Start of COLLECTED MATERIAL

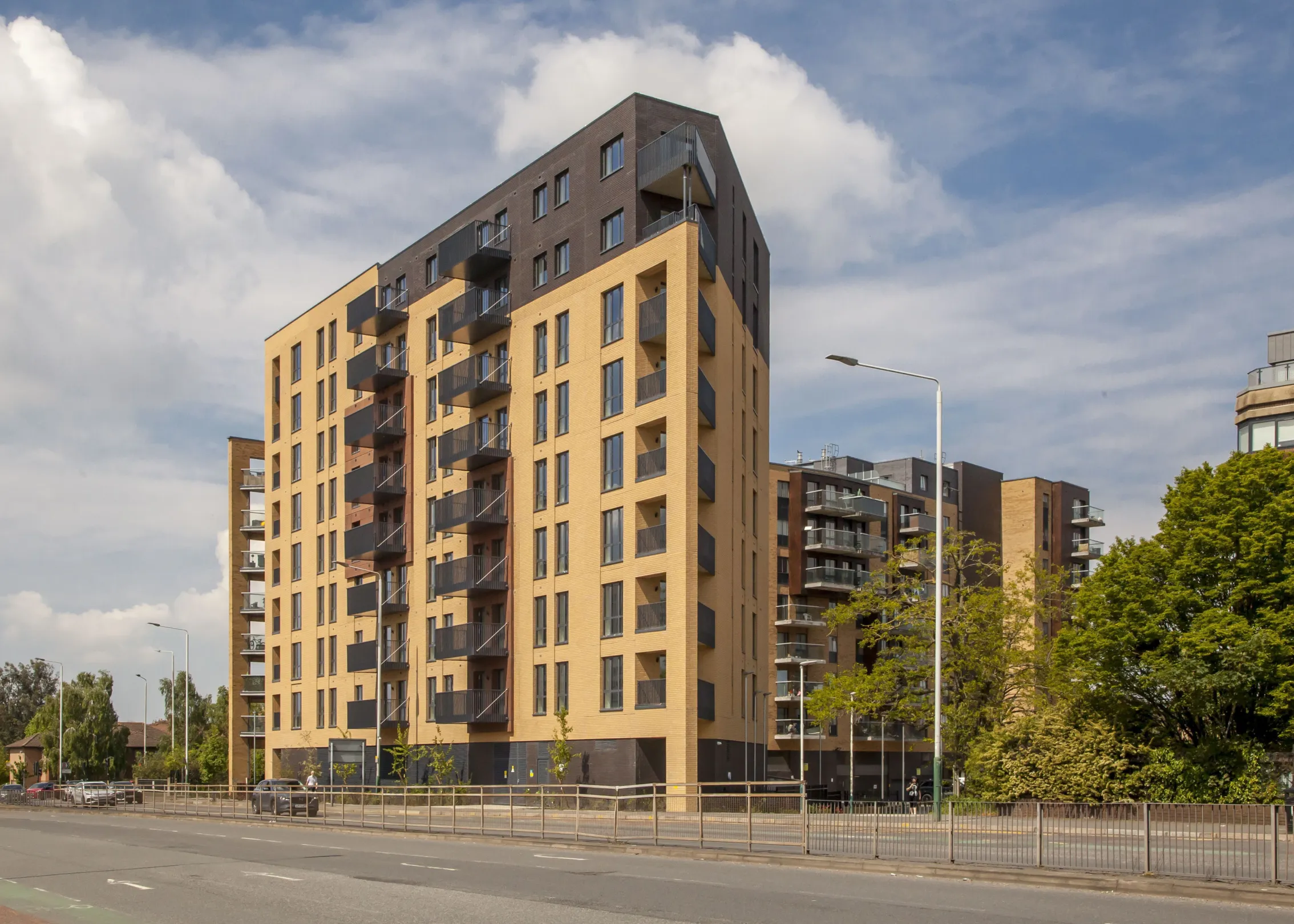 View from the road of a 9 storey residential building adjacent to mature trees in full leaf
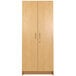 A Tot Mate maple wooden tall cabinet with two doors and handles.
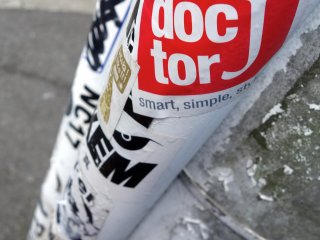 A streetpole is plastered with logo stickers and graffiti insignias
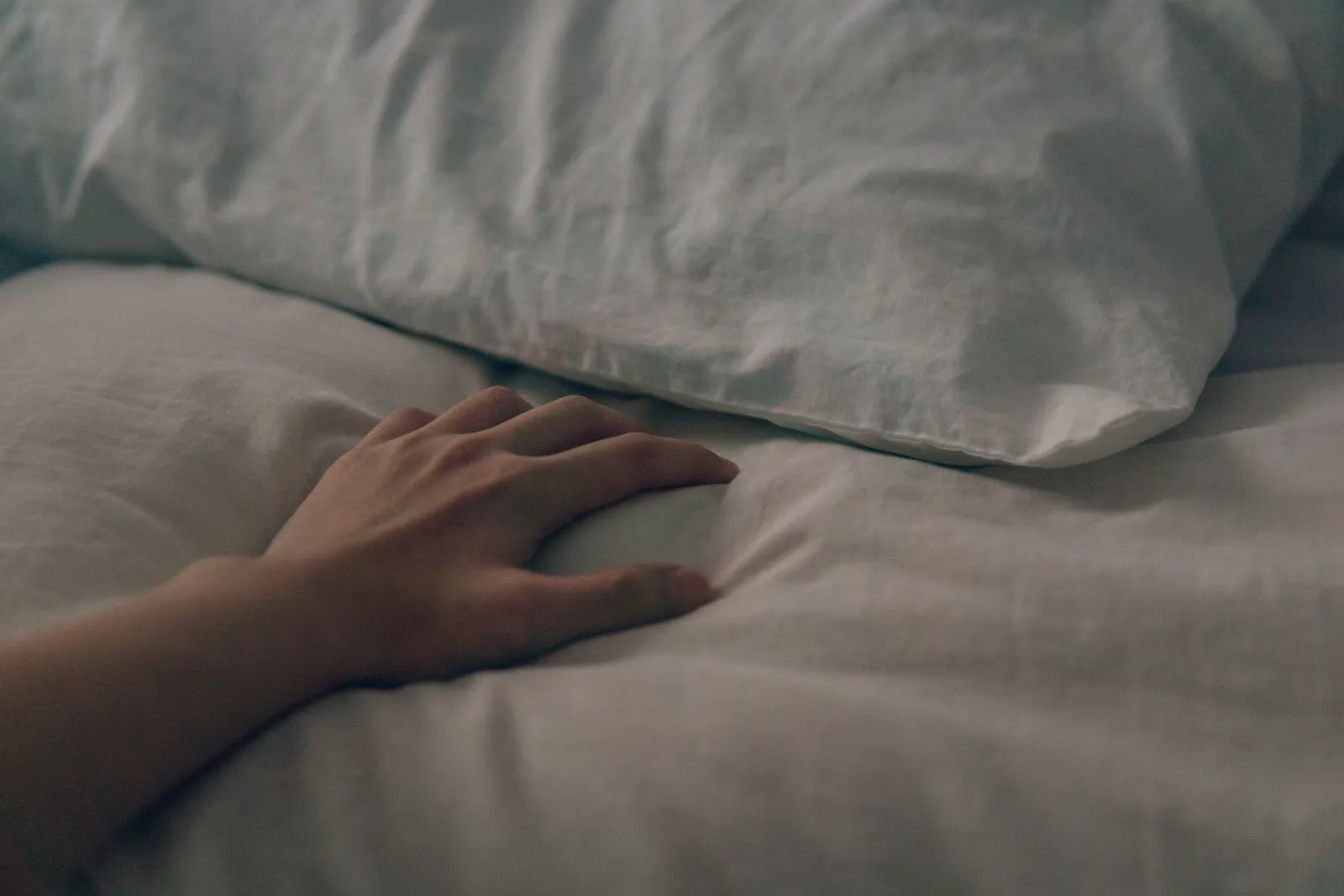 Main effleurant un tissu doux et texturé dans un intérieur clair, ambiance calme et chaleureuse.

End of COLLECTED MATERIAL

Starting with the line that holds "A streetpole is", print each line through the last one of the data exactly as written, but do not include the pictures.

 A streetpole is plastered with logo stickers and graffiti insignias
 Main effleurant un tissu doux et texturé dans un intérieur clair, ambiance calme et chaleureuse.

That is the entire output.